October 28, 2011 by in category A Fantasy Life by Janet Cornelow tagged as ,

I have put The Irish Countess up on Kindle. It has a new look thanks to Lex Valentine, an OCC member, who made the cover. It is really a sexy cover.

After the death of her husband, Countess Ciara MacCormack Fitzsimmons returns home to Ireland and the earl’s estate accompanied by her six-year-old son. There she meets Mick O’Hurlihey, the estate overseer, and falls in love for the first time in her life. However, being the countess keeps her from Mick.

Mick is smitten with Ciara the first time he sees her, but realizes that he can never lay claim to the Countess. Then danger stalks Ciara and her son and Mick risks his own life to keep theirs safe.

It is available at Kindle: http://www.amazon.com/The-Irish-Countess-ebook/dp/B005ZXEQGQ/ref=sr_1_1?s=digital-text&ie=UTF8&qid=1319765168&sr=1-1

I have been writing, which is a good thing. I am working on A Chance for Love, which is a time-travel that I started awhile back. It is moving along quickly. I am on chapter 6 already. The hero is getting ready to tell the heroine that he is from the future which is always a fun scene to write. I wish I had more time to write but the classes I am teaching take up much of my time.

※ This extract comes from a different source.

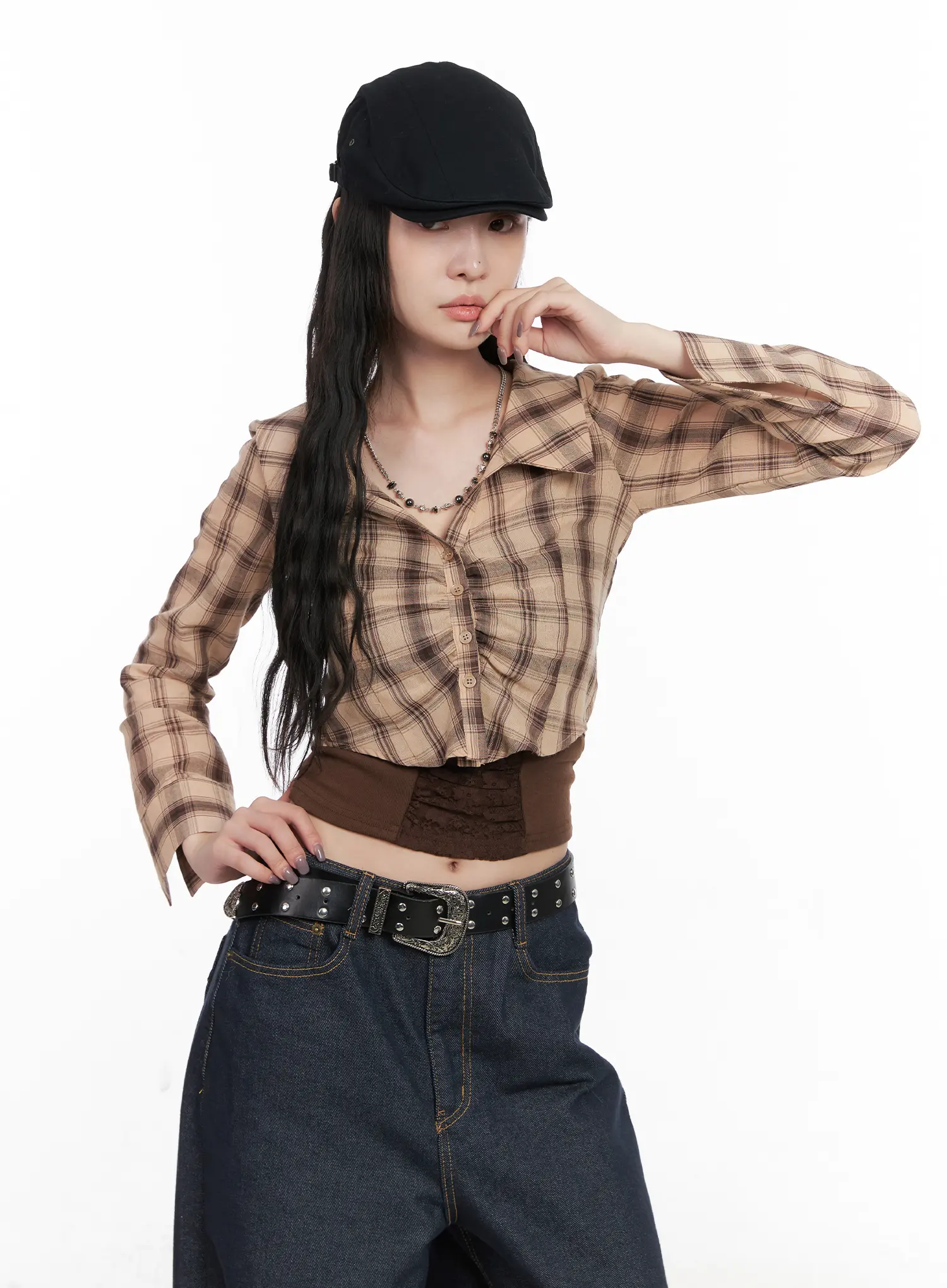 Plaid Shirred Crop Long Sleeve Shirt CN513 - Image 2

So do my two “toddlers.” My dog and my kitten love to interrupt everything that I do. The kitten doesn’t understand that the 90 pound dog is not a big cat and does not wrestle like a cat does. I keep waiting for the kitten to get smooshed. He has turned out to be the alpha male and terrorizes the dog. Then he also terrorizes the humans and has redecorated a great deal of the house. I have baby proofed my kitchen. It is already for my granddaughter when she learns to crawl. Of course, by the time she can reach the top cabinets that are also baby proofed, she’ll be old enough to not hurt herself. Rugen, the kitten, on the other hand, can reach them now and wants to get into them and knock everything out. If I could convince him that the stove is not a safe place when there is something cooking on it, I will have really accomplished something. I have to watch the stove at all moments because he keeps trying to set himself on fire.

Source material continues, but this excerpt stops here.